A solution might be instating a International Climate Justice Tribunal, as proposed by Bolivia. Countries that break their commitments would be penalized with international sanctions, analogous to the ones imposed by international trade courts. Such climate shepherds aren’t on the table in Paris, though. Prof David MacKay of University of Cambridge says there’s another inherent flaw to the Paris framework. Each country made its INDC by only looking inside and not outside. MacKay says:
“The science of cooperation predicts that if all you are doing is naming individual contributions – offers that aren’t coupled to each other – then you’ll end up with a relatively poor outcome.”
“We have the history of the Kyoto agreement as an example of this. Initially, the approach was to find a common commitment, but eventually it descended into a patchwork of individual commitments… and that led to very weak commitments and several countries leaving the process.”
“If you make a treaty that is based on reciprocity, so ‘I will, if you will’ and ‘I won’t, if you won’t’, then you can end up in a very different position,” explained Prof MacKay.
“If people make a common commitment that they will match what others do, then it becomes in your self interest to advocate a high level of action because it will apply not only to you but also to others.”
Indeed, an internationally binding carbon cap-and-trade scheme – systems that let companies buy and sell the right to pollute – sounds like one of the best solution, only if countries could agree to it. A federal level cap-and-trade emission scheme is impossible today in the U.S., for instance, where Congress would refuse to pass such a law.
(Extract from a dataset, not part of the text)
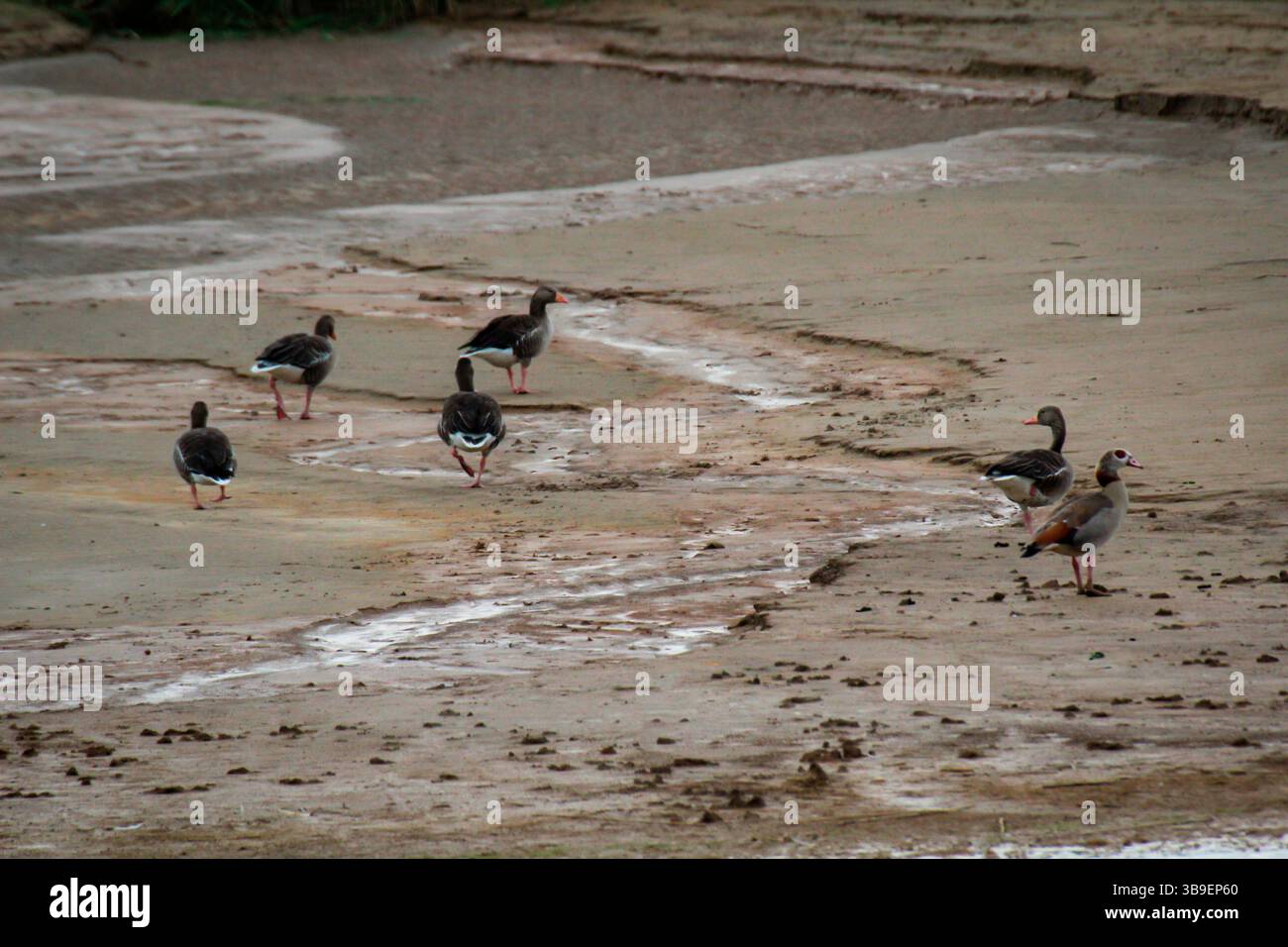 Ägyptische Gänse am Ufer eines Sees Stockfoto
Instead, cap-and-trade emissions are applied locally and by federal agencies, without legislation. But the global market is growing, even though these are dispersed and don’t follow a common framework. Japan, South Korea, dozens of U.S. states and the Canadian provinces of Ontario and Quebec will soon have their own carbon trading scheme. Worldwide, carbon markets reached $34 billion in volume last year, up $2 billion from the year before, according to the World Bank.
“We see a carbon price as a mechanism for driving innovation,” Glen Murray, Ontario’s environment minister, told a conference on emissions trading in New York in September. “We now have a critical mass of governments. We’ve passed the tipping point.”
“While emissions trading was for some time only a European thing, times have changed, and we have an increasing number of national and regional schemes,” saidIngo Ramming, the London-based co-head of commodity solutions at Commerzbank AG. “We believe that this trend will continue, carbon pricing and emissions trading will play an increasingly important role.”
At Paris, though, governments won’t discuss any legally binding agreement, as overseen by an international court, nor will there be any international cap-and-trade system. Instead, the compromise each government makes is set to a minimum or, at most, moderately ambitious. Basically, the U.N. is trying to maximize the chance counties accept to reduce their emissions, but in doing so promotes emission targets that are not sufficient to reach the stated goal (less than 2 degrees C warming). Nobody imagines global politics at this level is easy, but let’s just hope something good will come out of it.